Últimamente, por asuntos de trabajo, viajo mucho en avión. Debo aclarar que siempre a destinos nacionales: hace más de una década que no salgo de esta isla. Pero lo cierto es que ya puedo repetir de carretilla las consignas de seguridad de las aeromozas, todas las instrucciones de viaje, incluso con sus correspondientes gestos.

De viaje en viaje, algo me ha llamado poderosamente la atención: el poco caso que mucha gente le hace a algunas de las indicaciones. Está claro: a nadie se le ocurriría tratar de entrar a la cabina con un machete (obviamente no pasaría del primer control) y tampoco encendería un cigarro, pero eso último, estoy casi seguro, se debe más bien a la prohibición expresa de entrar con fósforos, mecheros y fosforeras.

Dicen por el megáfono: “No está permitido el uso de teléfonos celulares, pues las ondas que emiten interfieren con los equipos del avión”, y la señora que tengo sentada al lado ni se molesta en apagar su móvil. Es más, mientras explican cómo hay que usar los salvavidas en caso de necesidad, suena su teléfono y ella sostiene una animada conversación:

—Estoy aquí, en el avión, a punto de despegar. Cuando llegue a La Habana te llamo. Dile a Mario que no vayan a buscarme, que yo voy a coger un taxi. Antes del mediodía ya estoy allá…

Despegamos, reparten caramelos. Y la señora y su nieta abren los envoltorios y los tiran al piso, sin asomo de rubor. La niña no quiere estar sentada, se suelta el cinturón, se arrodilla en el asiento… Y es la aeromoza la que tiene que regañarla, porque la abuela está demasiado entretenida jugando a las bolitas en su celular.

Aterrizamos, por el megáfono le piden a los pasajeros que se mantengan sentados con el cinturón puesto hasta que el avión se detenga y abran las puertas… y la señora tampoco parece escucharlo. Apenas disminuye la velocidad se levanta y cuando el avión finalmente apaga los motores ella hace rato que está en el pasillo, dando empujones con sus maletines, loca por salir primero que todos.

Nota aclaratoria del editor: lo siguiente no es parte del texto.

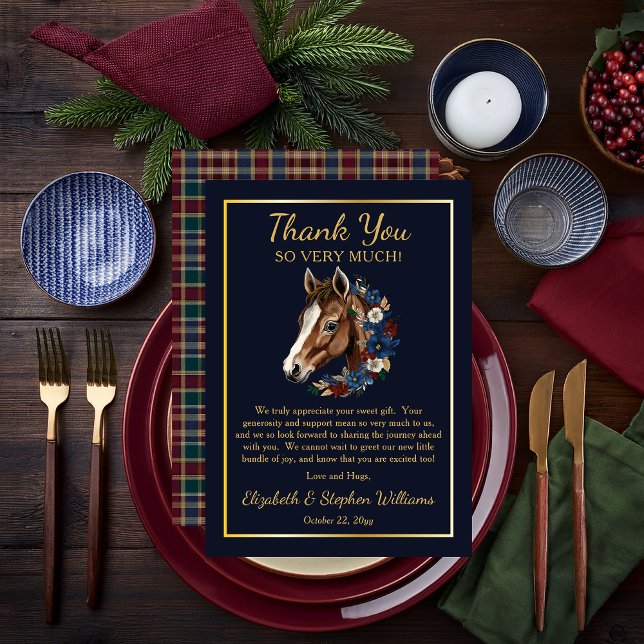 Tarjeta de agradecimiento a la florida de Foal Ecu (Charming Classic Preppy Equestrian Foal and Floral Wreath | Plaid Boy Baby Shower Thank You Card)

Yo no tengo elementos para decir que la señora es una mala ciudadana. A lo mejor, incluso, es una excelente madre, vecina y amiga de sus amigos. Pero su proceder en el avión dejó mucho que desear. Y lo preocupante es que no es ella sola. Son legiones de malcriados, en la tierra y en los aires. Cuando abandono el avión observo el lamentable estado de la cabina. El piso lleno de envoltorios de caramelos, los periódicos deshojándose en los asientos, latas de refresco vacías, papeles sanitarios…

Un amigo siempre me dice: “es el eterno círculo vicioso”. ¿Quién nos asegura que esta señora, hoy mismo, no fue maltratada por alguien? ¿Cuántas veces la misma aerolínea —sus empleados, se entiende— no nos ha faltado al respeto? ¿Con qué moral van a regañar a la señora si el vuelo ha salido con dos horas de atraso y nadie se ha dignado a ofrecer disculpas?

Ese amigo casi siempre me deja sin argumentos. Me encojo de hombros y me voy a esperar mis maletas.